##Motivation:

Our motivation behind using Port Authority’s Monthly Bus Performance is both personal and societal. Many CMU/Pitt students, including us, rely on Port Authority to commute to and from class, work, and social gatherings. Port Authority is also an important resource for the broader Pittsburgh community, and many people depend entirely on them for transportation. Oftentimes, buses can be scheduled 30 minutes to an hour from each other, so either missing the bus because it came 10 minutes early or being 10 minutes late to an important meeting or test can have catastrophic consequences. Quantifying the performance and reliability of PA’s buses will provide valuable insights that can help Pittsburgh’s community to plan accordingly and avoid being late to important events. For CMU students, the information would hopefully allow them to be more informed about the tendencies of bus routes in their area. Additionally, we would hope to spark a larger discussion surrounding the efficacy of Pittsburgh’s public transportation systems and hold Port Authority accountable to their OTP goals of 73% for bus and 80% for rail service. Our insights, if used by Port Authority, could lead to improvements in the way they allocate resources and increase trust in Pittsburgh’s public transit, which would have numerous positive effects.

## Related Work

We’ve been aware of Port Authority’s faults throughout our time as students and commuters in Pittsburgh. Both of us have had trouble with late/missing buses in the past, and when one of us suggested a project in the realm of public transportation while brainstorming, we decided to check whether Port Authority collected any data on their buses and ridership. Once we found a suitable dataset and learned about Port Authority’s On Time Performance goals, we determined that taking a closer look at Pittsburgh’s system and its potential flaws would be something worthwhile.

## Data

From a preliminary investigation, the data appears to be in a manageable format that is ready to be analyzed. It can be downloaded in a csv format, where it is well organized and includes things like a primary key (id field) in addition to descriptive fields such as the route, date, type of transport, day of the week, and on time percentage.
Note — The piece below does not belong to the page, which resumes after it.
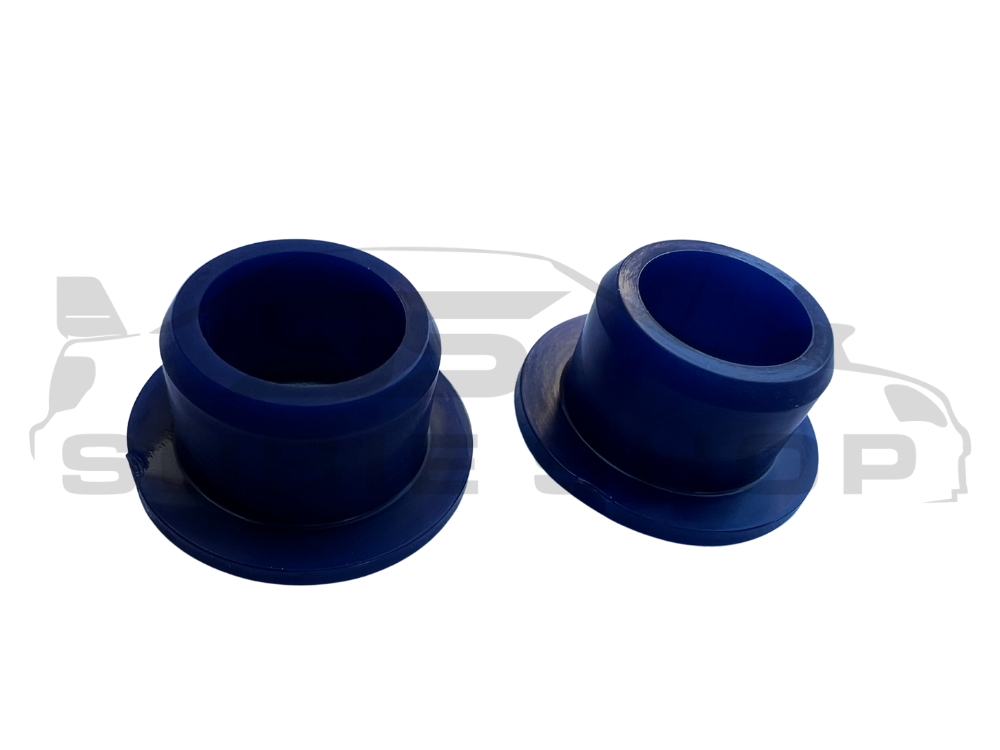 GENUINE Subaru Liberty GEN 3 99 - 03 Gear Shifter Knuckle Joint Bushes Kit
The id field could provide for an easy way to join this data to other similar data sets from the port authority, however we will have to investigate this further once analysis begins. As for the current formatting, the data is in one table and has 11 columns which are named as follows: “id”, “route” (text), “ridership_route_code” (text), “full_route_name” (text), “current_garage” (text), “mode” (text), “month_start” (date), “year_month” (text), “day_type” (text), “on_time_percent” (float8), “data_source” (text). Some columns are categorical as they relate to a route number or name, others are interval and related to the time of recording, and “on_time_percent”, which would be the column of highest interest, is numerical data in a ratio format. The data table has 22,258 entries (rows) and has data from as far back as the start of 2017 to October 2024. There is an additional dataset providing monthly ridership info with 11 columns and 22,317 entries (rows), which we haven’t decided whether we’ll analyze in addition to our primary dataset. Although the data collection started at a later date (2019), this dataset contains many overlapping columns, so it wouldn’t be difficult to integrate it into our plan. This dataset’s columns are as follows: “id”, “route” (text), “ridership_route_code” (text), “full_route_name” (text), “current_garage” (text), “mode” (text), “month_start” (date), “year_month” (text), “day_type” (text), “avg_riders” (int), “day_count” (int).

Provide the URL or source of the data. Is the data clean and ready to be analyzed or do you need to do it? To your knowledge has this data been used in other projects (anywhere).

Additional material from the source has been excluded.